ANDY BUTLIN returns to the boxing ring tomorrow with a big point to prove.

It’s an 11th professional fight for the Huddersfield light-middleweight, and most punters will be backing highly-rated opponent Billy Joe Saunders to take the honours at West Ham’s Upton Park football ground in East London.

But 28-year-old battler Butlin will go into his meeting with the Olympian quietly confident of chalking up a third successive win on the undercard of the eagerly-awaited Kevin Mitchell versus Michael Katsidis WBO lightweight title contest.

That’s despite accepting the fight against Frank Warren ace Saunders at short notice.

"Andy’s had a stop-start career and he sees this as an opportunity to step up and gain the recognition he feels he deserves," said a source inside the Butlin camp.

"He’s been training like a demon for six week’s solid, and he knows a good performance could act as a springboard to bigger things."

Former Rawthorpe amateur Butlin, who first fought professionally in 2004, took his win record to six by beating Leicester’s Simon Fleck in Bolton, but that was a year ago.

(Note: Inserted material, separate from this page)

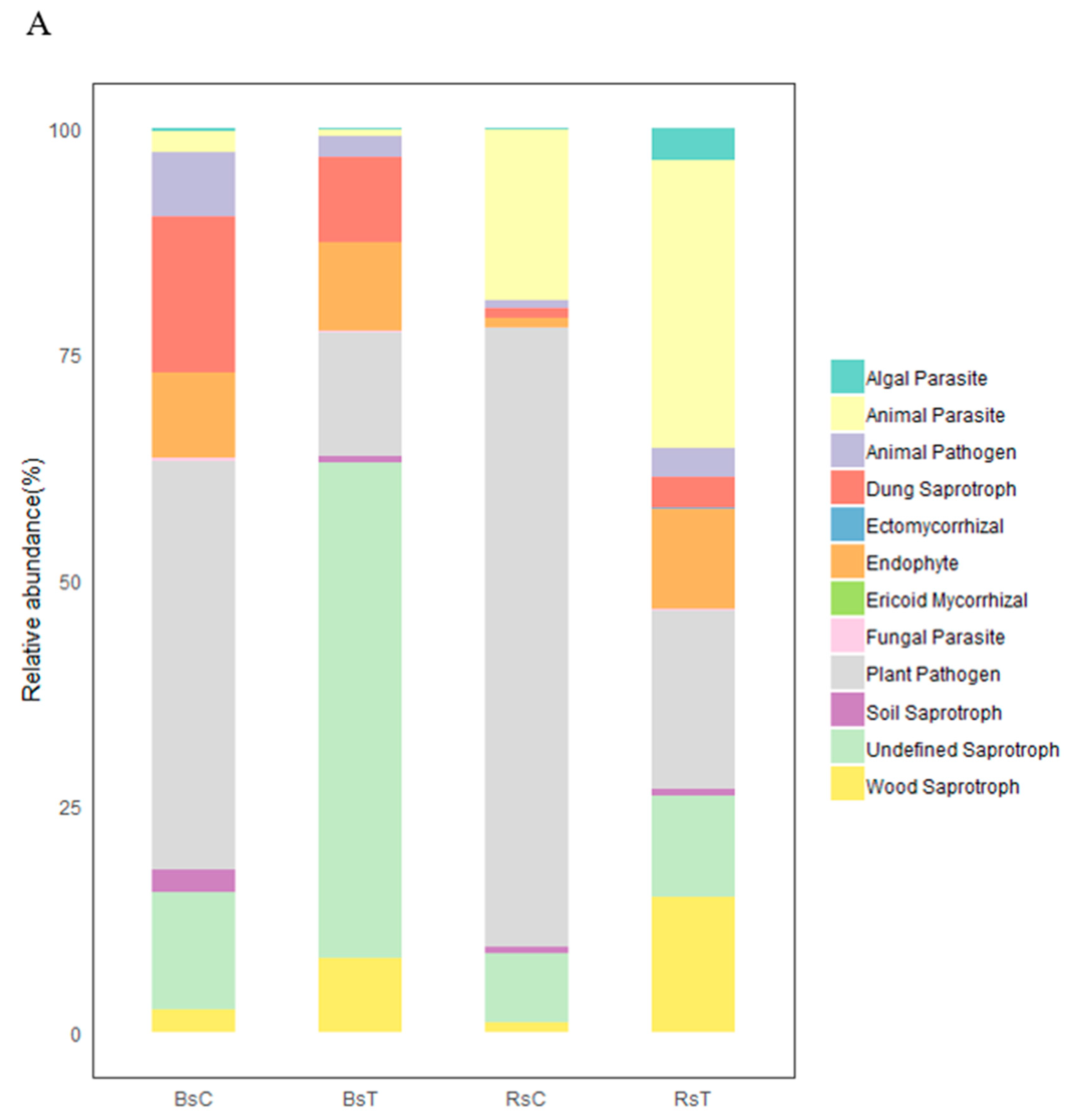 Microorganisms 08 01325 g005a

Southpaw Saunders, great-grandson of one of Britain’s most famous Romany bareknuckle champions, Absolom Beeney, has five wins from five since joining the paid ranks 15 months ago having competed in the Beijing Olympics of 2008.

Saunders’ fellow Olympian James DeGale, the double goal medalist who challenges for the WBA international super-middleweight title, also feature in the East end.